Well my parents weren’t doctors and they weren’t minimum wage earners so there isn’t much data to use for this. Minimum wage went up by less than 3% and doctor salaries went up by around 2.5%. Interestingly doctors’ workload went up by 1,000% (I’m guessing) but somehow our wages didn’t keep up.
This one is easily overcome by going from the wage-earning side to the business-income side. A business has the ability to overcome high or low inflation rates, depending on the business of course.
How To Battle Inflation In A Cash-Model Retirement Plan
Let’s say you are one of those who wants to just keep it simple. You want to keep all your money for your future saved in a savings account. How can you do this and still have enough value of your money come retirement time?
In the cash-model retirement plan a person just saves a ton of money and when they are ready to retire they just take $ off the top until it runs out or they die.
Retirement Age Matters
When you invest in mutual funds the theory is that your investments grow in value and they kick off dividends which you can spend. This method allows a person to not have to dip into the principal and less is needed to invest in order to generate the equivalent income as the cash-model.
If you decide to retire at age 40 with $500k then it’s quite likely that you will run out of money if you are using a cash-model. You would be left with $9k/mo to spend should you need 55 years of withdrawals.
If you stop working at age 70 with $1.5M then you likely will be fine. You would have $60k to spend per year until age 95.
Outpace Inflation By Increasing Savings
If you have $100k in a savings account the inflation concept states that it will be worth about $97k the following year. This would continue at around 3% on average every year.
But if you added $4k to your savings in that 1-year period then you essentially beat inflation because you would be left with around $1k more in value.

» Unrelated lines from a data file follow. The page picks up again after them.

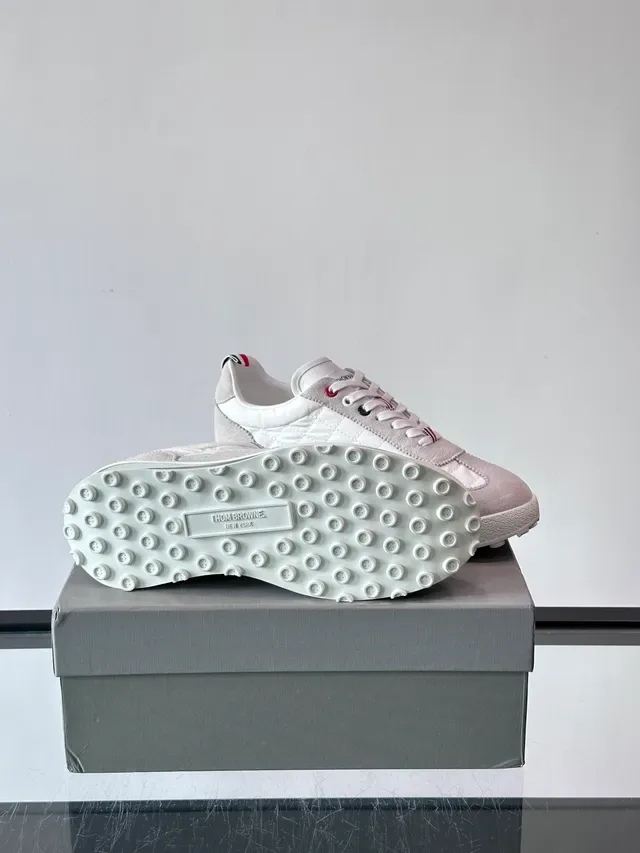 Thom Browne Air Quilted Runner Light Gray Suede Lifestyle Sneakers 2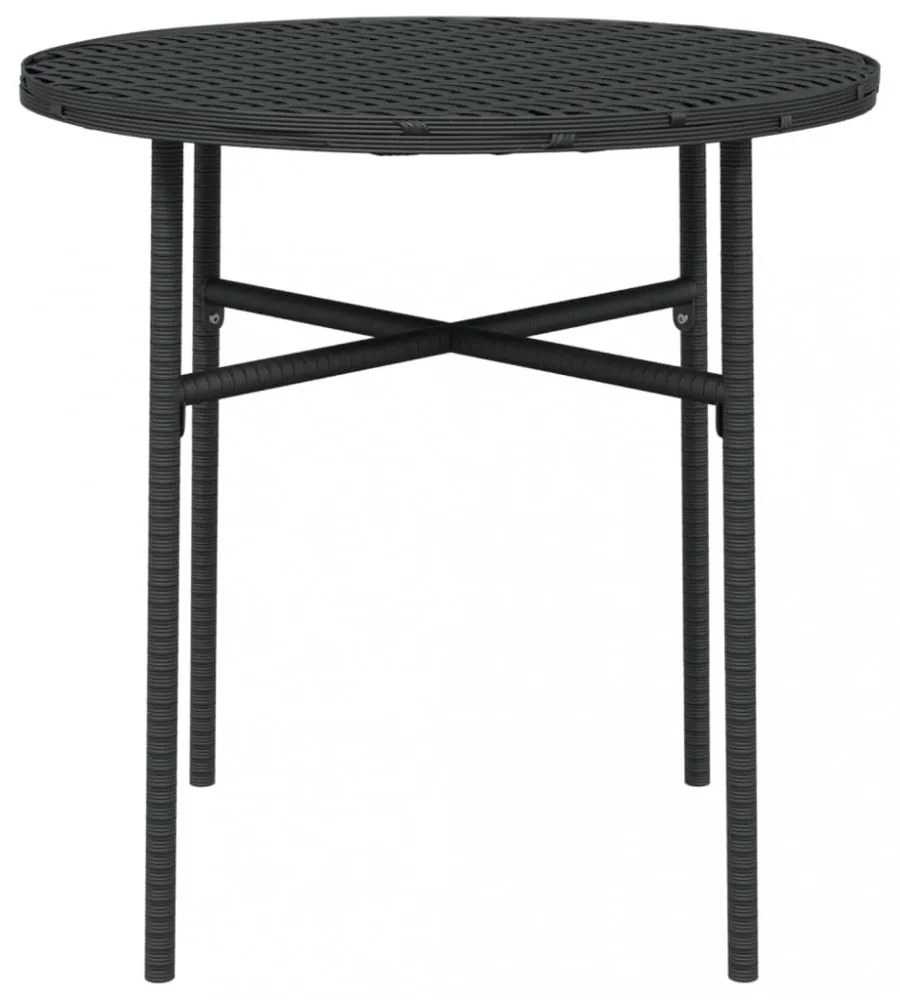 fekete polyrattan teázóasztal 45 cm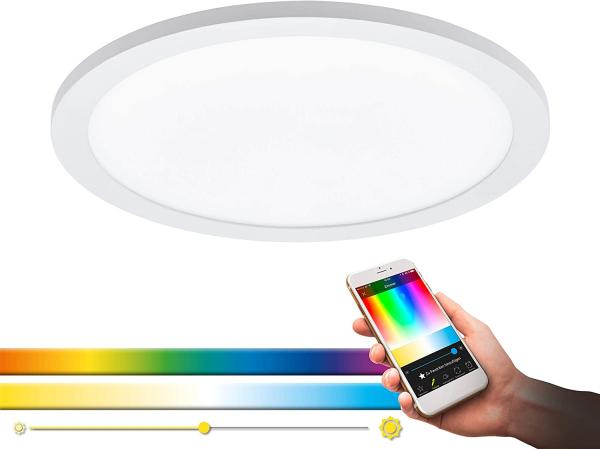 Eglo 97958 LED Deckenleuchte SARSINA-C weiß Ø30cm H:5cm dimmbar mit Connect Funktion inkl. Fernbedienung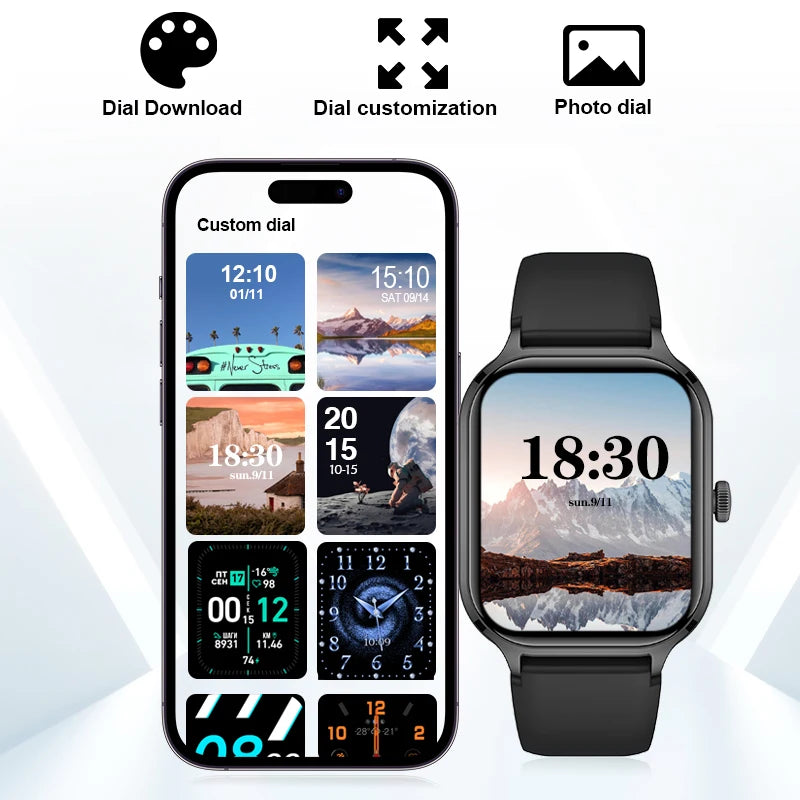 LOMAXFR Z49 1.44" Smart Watch | Wireless Calling, iOS & Android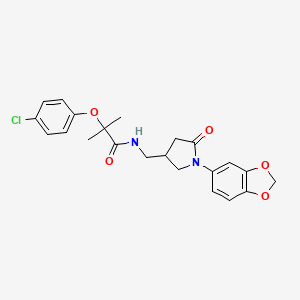 molecular formula C22H23ClN2O5 B2700150 N-((1-(benzo[d][1,3]dioxol-5-yl)-5-oxopyrrolidin-3-yl)methyl)-2-(4-chlorophenoxy)-2-methylpropanamide CAS No. 954677-34-0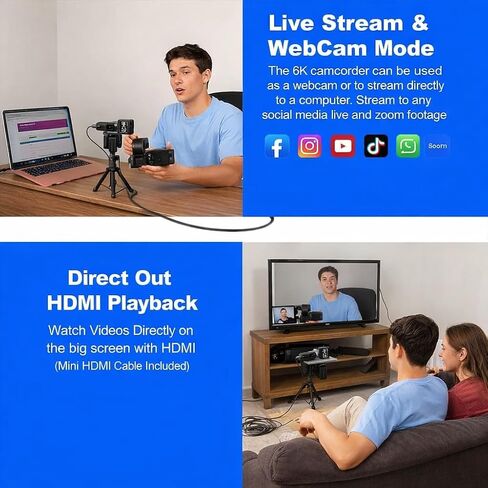 Acuvar 4K/6K Video Camera Camcorder – 64MP Vlogging Camera for YouTube, 60FPS, 18X Zoom, WiFi, Webcam – Includes Mic, Stabilizer, 64GB Card & Remote in Saudi Arabia
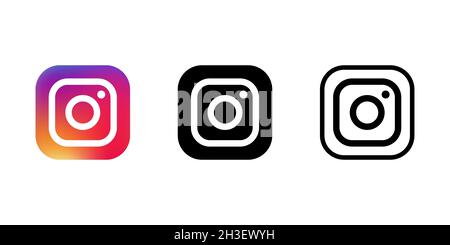 Icona del logo Instagram isolata su sfondo bianco. Immagine editoriale. Vinnitsia, Ucraina. Fabruary 01, 2021. Illustrazione Vettoriale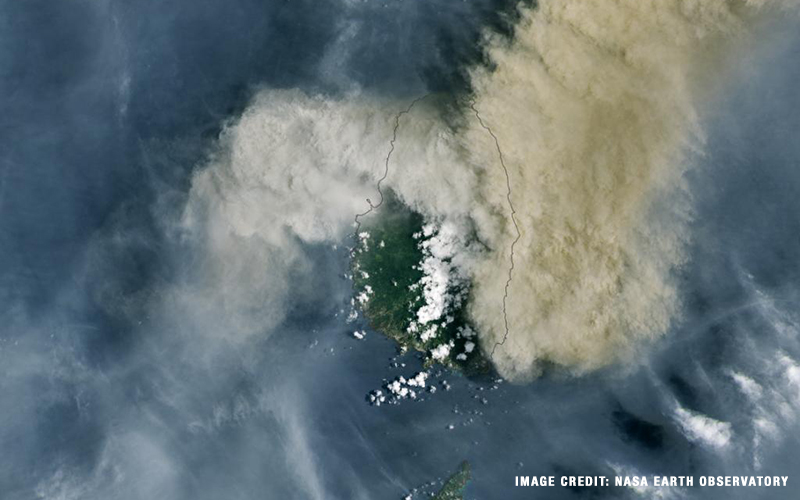 2021 St Vincent Volcano Eruption Aerial View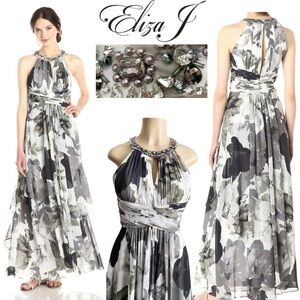 Eliza J Gray Floral Chiffon Halter Maxi Dress Beaded Formal Gown Event Wedding 2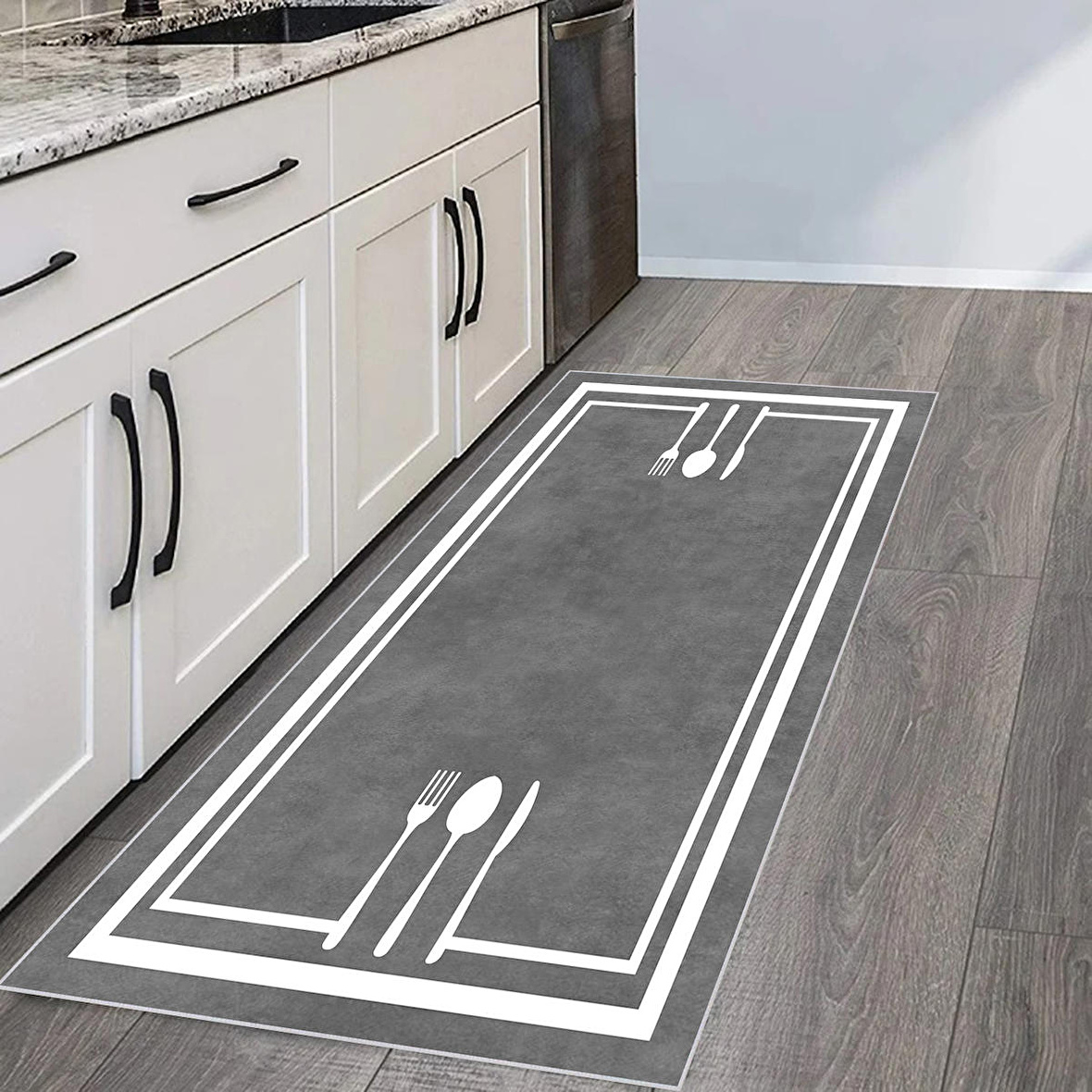 Dijital Baskı Yıkanabilir Kaymaz Taban Mutfak Halısı Ve Yolluk RVG2113-SM361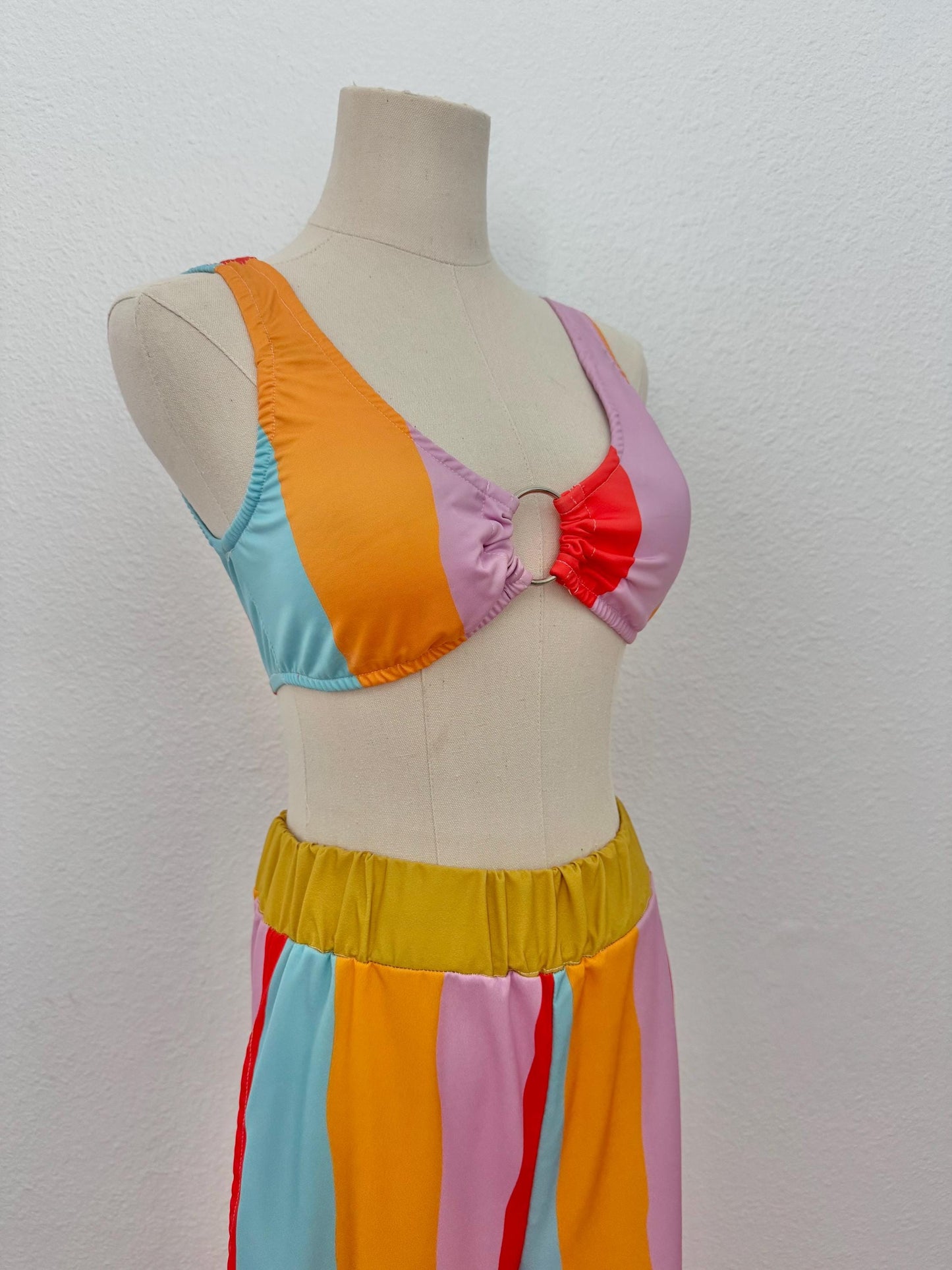Color Therapy | Retro Color Block Ring Bralette Top | Handmade Festival Crop Top | Bold Statement Swimwear Top | Dopamine Dressing Fashion | Retro Babe Bout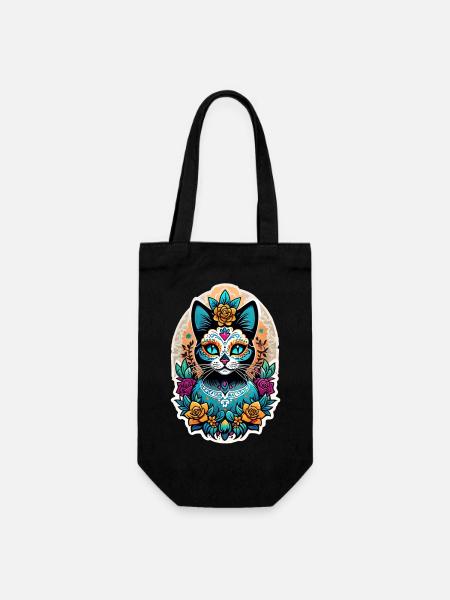 Katze Mexiko - Dia de los Muertos - Geschenkbeutel für Flaschen - Schwarz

If you could contributed only $4k annually to your savings then I would be worried for you. A more realistic scenario is that you stop contributing to IRA’s or 401k’s. So every year you would have a minimum of $15k ($18k pre-tax 401k contribution equivalent) as well as another $36k for a total of 30 years.
With the above plan you would be left with $1.5M by age 65 assuming you are in your mid-late 30’s.
The reality is that you will contribute much less early on in your career as you are paying off debt and you will contribute much more as you get older. Your income will increase with age and your expenses will likely decrease. Of course you may drop down to part-time as well which means your gross income goes down. But then again your taxes will be lower so perhaps your net-income won’t change all that much.
A doctor making $300k a year, taking home $160k and spending $60k could save $100k a year. Saving $100k a year for 30 years is equal to $3M. That’s a lot of money to have in retirement. And if you continued working a little in retirement you likely wouldn’t need to dip into this until you are unable to work.
Is this Strategy Right For You?
When in doubt consult your financial adviser. In general most advisers will advise that you are likely leaving a lot of money on the table by going the cash-route.
If you want to do this at least consider putting a percentage of your money into mutual funds (index funds) and the rest in cash. That way you have a little of both, a sort of diversification.
What About My Parents?
Their $300k would have grown to around $700k if invested conservatively. Historically, anecdotally, using hindsight vision goggles they would have done better investing their money.
Had they kept it in cash, well, then they would have around $300k left now which isn’t bad but Wall Street would have won in comparison.